De antemano, poco o nulo valor concedo a la clasificación entre derechas e izquierdas. En primer lugar, por ser términos artificiales, que se mantienen por pura inercia o porque el Sistema se empeña en mantener dos bandos, con espadas en alto, para distracción del personal. En segundo lugar, porque, desde el punto de vista generacional y sociológico, es adecuada la frase la izquierda de hoy es la derecha de mañana, porque, conforme avanza la edad en las personas, estas se inclinan de forma natural a un repliegue de carácter reaccionario e inmovilista.

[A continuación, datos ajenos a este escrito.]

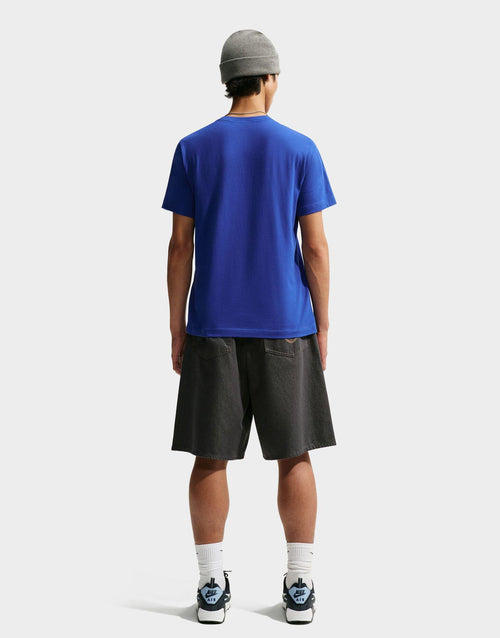 Sportswear T-Shirt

Pero especialmente porque, como dijo un pensador, derechas e izquierdas son formas de hemiplejía moral y, como afirmó otro, más poéticamente, las cosas bellas no pueden mirarse con un solo ojo, sino de frente y con ambos bien abiertos.

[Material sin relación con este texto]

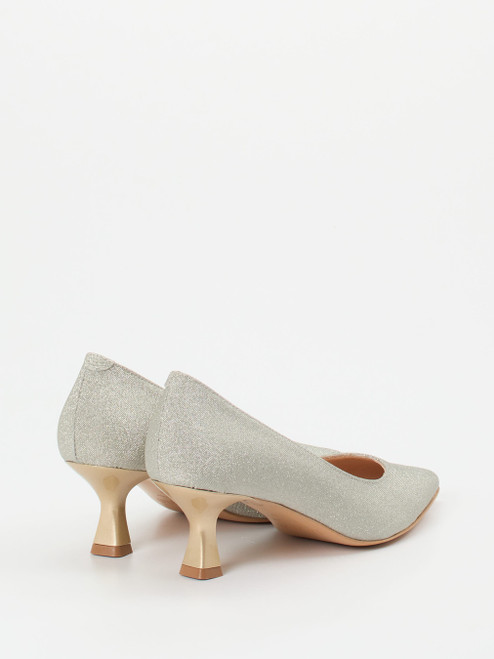 Pumps-14174490001 Maripé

Sin embargo, ateniéndonos a las evidencias políticas, los españoles hemos vuelto a ser empujados a esa clasificación, que se ha ampliado, además en su significación. Siguiendo a los dos pensadores citados, quede claro que uno no siente identificado con ninguno de los términos de la división odiosa; mis valores están por encima de estos condicionantes.

¿Cómo me defino? Como falangista a secas (sin partido, por libre…) o, si se prefiere, como joseantoniano del siglo XXI. Y, dado que la habitual bellaquería (Ortega dixit) tiende a la encasillar en ese bando confuso de la derecha, creo que es oportuna una opinión sobre ella, mejor dicho, sobre ellas, porque son varias y distintas. Su común denominador puede observarse en la crítica de José Antonio en su época: la derecha es insolidaria con el presente, del mismo modo que la izquierda lo es con respecto al pasado, como se puede ver con las memorias históricas y democráticas al uso; quiere esto decir que la derecha no cuenta entre sus prioridades la satisfacción de las necesidades de una sociedad ni aspira a instaurar una justicia social profunda.

Considero que hay tres derechas en la España de hoy: la tradicional, la liberal y la radical; pido disculpas por la también artificiosidad de esta división, pero no lo es menos que la que nos impone el Sistema.

La derecha tradicional resalta en su frontispicio la defensa de los grandes valores tradicionales: religión, patria, familia, derecho a la vida, orden, propiedad… Junto a ello, no presenta igual defensa del remedio de las grandes desigualdades sociales; su conformismo con lo establecido en lo social y en lo económico la imposibilitan de ser creída en aquella declaración solemne de valores tradicionales. Esta primera derecha rebusca en el pasado histórico las bases para la convivencia, pero apenas tiene propuestas adecuadas para el presente y el futuro; cualquier innovación le parecerá, por lo menos, peligrosa

La derecha liberal se acomoda perfectamente al orden socio-económico vigente; en cuanto a sus valores, estos quedan velados por su relativismo, porque están en función de las mayorías o minorías votantes; para ella, no existen las categorías permanentes de razón; su palabra mágica es la tolerancia y su consigna, la moderación. La derecha liberal no hace ascos a la historia nacional, siempre que coincida con sus presupuestos; en caso contrario, también es partidaria de una revisión u ocultación de momentos y hechos en que no resplandecía el supuesto liberalismo. No hay ni que decir que la derecha liberal no se plantea transformación alguna del orden injusto, en nombre del realismo.

La que hemos llamado derecha radical viene hoy representada por los populismos y los identitarismos; el primero de estos términos es confuso, y puede ser aplicado a cualquier postura, a diestra o siniestra: se trata de hacer coincidir sus grandes propuestas con evidentes problemas de una sociedad. Más peligroso es el segundo, pues la identidad nos lleva directamente al nacionalismo o individualismo de los pueblos (José Antonio), cuando la razón de ser de España y lo que la caracteriza como patria es lo contrario: su universalidad. Por otra parte, si bien la derecha radical ofrece ciertas reformas en lo social y lo económico, en modo alguno cuestiona las bases del Sistema y su injusticia; su reformismo no pasa por alterarlas.

Por lo tanto, que no me asignen más a mi natural condición y a mis preferencias ideológicas el sambenito de la derecha, de ninguna de ellas. Como tampoco el de la izquierda, cuya radiografía intentaré trazar en otro artículo.